BUSINESS

Engaging India: Vital remittances

By Amy Yee, New Delhi correspondent
December 07, 2007 11:39 IST

Engaging India is an online column analysing the issues, trends and forces behind the business and politics shaping India and its impact on the world. Engaging India appears Thursday mornings exclusively on FT.com India, a dedicated online section on India, and is written by Jo Johnson, the Financial Times' South Asia bureau chief; Amy Yee, New Delhi correspondent; and Joe Leahy, Mumbai correspondent.

I was once told that in England a town can be defined as such if it has a church, a post office, a pub and a betting shop. The folk definition of a town in India might include a dairy, a temple, a public telephone and a money transfer outlet.

Remittance services are ubiquitous in big cities and dusty rural towns across India, and it is little wonder. Migrant workers in South Asia move in droves to big cities and other countries in search of work. They send earnings back home and companies like Western Union, whose trademark yellow signs dot the country, are reaping the benefits.

A World Bank report released last week projected that remittances to developing countries alone will reach $240bn this year compared to $221bn in 2006, with Asia receiving $114bn. That would dwarf the $104bn in aid from donor nations and the $167bn worth of foreign direct investment developing countries received last year.

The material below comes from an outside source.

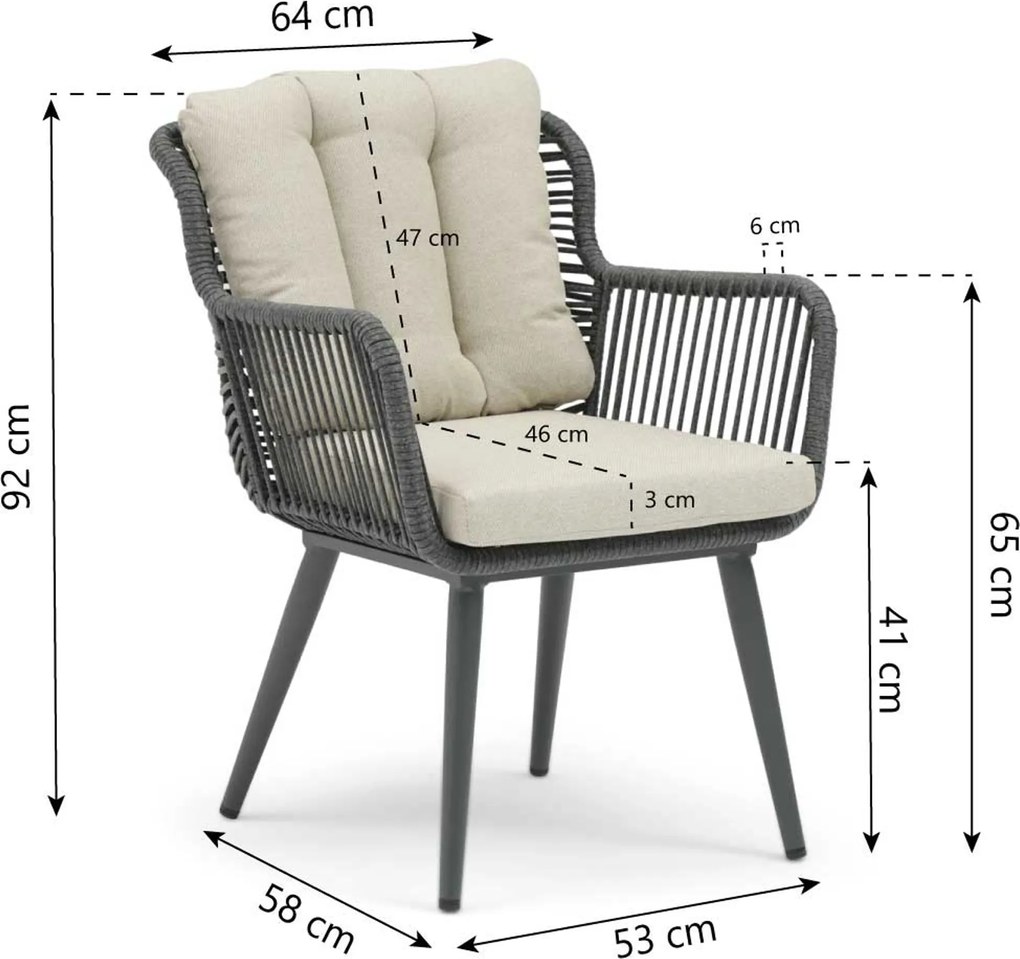 Tuinset Ronde Tuintafel 6 personen 150 cm Rope Grijs  Coco Custa/Xento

India was the biggest remittances recipient last year with $24.5bn, followed by Mexico at $24.2bn and China with $21bn, according to an October report from the International Fund for Agricultural Development (IFAD) and the Inter-American Development Bank (IDB).

Remittances play a vital role in the development of poor countries. The World Bank estimates that every dollar transferred to a developing country contributes three dollars to its economy. Gleaming new homes in Kerala and Punjab – two Indian states that send a large number of workers abroad -- are evidence of the robust inflows.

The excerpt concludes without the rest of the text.